O "mecanismo", além de desprezar a presunção de inocência, institui a suposição de suspeita. Todos passam a ser suspeitos até notícia em contrário - no caso deste governo, por culpa inteiramente sua. A co-responsabilização, tendo sido negada entre Belém e São Bento, fez-se entre governo e candidato a governante. Caso o segundo viole o compromisso, o governo desculpar-se-á prontamente da seguinte forma: "Fulano tal é que faltou à verdade no respetivo formulário. Venha o próximo, se fizer favor". E siga.

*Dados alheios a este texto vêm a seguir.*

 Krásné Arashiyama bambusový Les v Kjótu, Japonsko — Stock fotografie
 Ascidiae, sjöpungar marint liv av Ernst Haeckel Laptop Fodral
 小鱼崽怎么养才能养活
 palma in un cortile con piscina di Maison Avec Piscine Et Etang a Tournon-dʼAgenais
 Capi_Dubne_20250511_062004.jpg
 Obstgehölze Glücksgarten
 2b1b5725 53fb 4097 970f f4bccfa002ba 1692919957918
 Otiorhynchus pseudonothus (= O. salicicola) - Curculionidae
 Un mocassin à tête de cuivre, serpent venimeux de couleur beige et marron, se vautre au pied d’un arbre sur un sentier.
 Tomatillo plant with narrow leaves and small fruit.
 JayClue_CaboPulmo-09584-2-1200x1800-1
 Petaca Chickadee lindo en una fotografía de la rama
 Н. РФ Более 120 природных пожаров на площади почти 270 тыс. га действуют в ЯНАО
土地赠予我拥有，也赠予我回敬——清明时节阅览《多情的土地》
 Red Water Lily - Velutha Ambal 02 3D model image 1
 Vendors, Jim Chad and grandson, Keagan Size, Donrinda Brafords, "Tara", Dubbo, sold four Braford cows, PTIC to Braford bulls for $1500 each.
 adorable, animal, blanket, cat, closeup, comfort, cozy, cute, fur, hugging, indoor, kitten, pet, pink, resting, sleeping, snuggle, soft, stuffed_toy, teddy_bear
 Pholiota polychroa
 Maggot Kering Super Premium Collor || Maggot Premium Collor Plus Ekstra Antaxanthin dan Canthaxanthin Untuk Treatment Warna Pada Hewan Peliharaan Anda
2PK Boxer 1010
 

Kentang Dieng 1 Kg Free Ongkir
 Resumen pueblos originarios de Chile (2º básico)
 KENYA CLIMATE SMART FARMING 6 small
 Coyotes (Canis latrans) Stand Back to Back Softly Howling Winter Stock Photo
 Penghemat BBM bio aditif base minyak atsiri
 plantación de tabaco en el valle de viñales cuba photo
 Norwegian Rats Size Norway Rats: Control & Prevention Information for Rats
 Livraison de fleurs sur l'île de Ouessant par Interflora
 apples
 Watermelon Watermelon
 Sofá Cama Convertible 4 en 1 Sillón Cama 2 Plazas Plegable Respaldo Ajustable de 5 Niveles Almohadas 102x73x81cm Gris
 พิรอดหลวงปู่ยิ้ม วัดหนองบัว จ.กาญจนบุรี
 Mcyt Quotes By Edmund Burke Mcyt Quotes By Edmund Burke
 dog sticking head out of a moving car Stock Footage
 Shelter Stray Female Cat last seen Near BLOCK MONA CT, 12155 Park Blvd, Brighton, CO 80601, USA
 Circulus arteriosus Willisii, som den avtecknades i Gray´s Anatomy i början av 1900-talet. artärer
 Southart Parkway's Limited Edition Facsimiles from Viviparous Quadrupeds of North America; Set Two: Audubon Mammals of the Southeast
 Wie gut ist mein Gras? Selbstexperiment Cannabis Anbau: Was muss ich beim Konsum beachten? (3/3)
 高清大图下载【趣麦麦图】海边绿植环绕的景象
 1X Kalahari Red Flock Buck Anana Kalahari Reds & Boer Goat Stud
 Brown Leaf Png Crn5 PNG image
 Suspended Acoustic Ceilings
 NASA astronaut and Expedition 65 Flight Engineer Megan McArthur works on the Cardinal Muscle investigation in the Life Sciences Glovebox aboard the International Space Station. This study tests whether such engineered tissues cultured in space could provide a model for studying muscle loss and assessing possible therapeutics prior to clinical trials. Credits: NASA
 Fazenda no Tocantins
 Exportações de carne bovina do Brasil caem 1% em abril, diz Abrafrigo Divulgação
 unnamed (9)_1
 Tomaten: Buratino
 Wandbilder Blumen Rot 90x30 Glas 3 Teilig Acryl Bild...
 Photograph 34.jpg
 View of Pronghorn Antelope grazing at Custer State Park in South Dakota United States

É tudo um tanto básico, um tanto tolo e bastante degradante. Em primeiro lugar, porque todos os casos que culminaram na crise política de dezembro poderiam ter sido evitados sem mecanismo nenhum, na medida em que eram todos relativamente públicos. Com maior ou menor destaque mediático, os processos de Miguel Alves, a indemnização de Alexandra Reis e a acusação ao marido de Carla Alves foram alvo de notícia antes de os visados serem convidados para o governo. Em segundo, porque nenhuma das 36 questões do "mecanismo" teria impedido que Alexandra Reis chegasse a secretária de Estado. Em terceiro, porque quando uma das perguntas foi feita e devidamente respondida - a Carla Alves, por exemplo - tal também não travou a nomeação.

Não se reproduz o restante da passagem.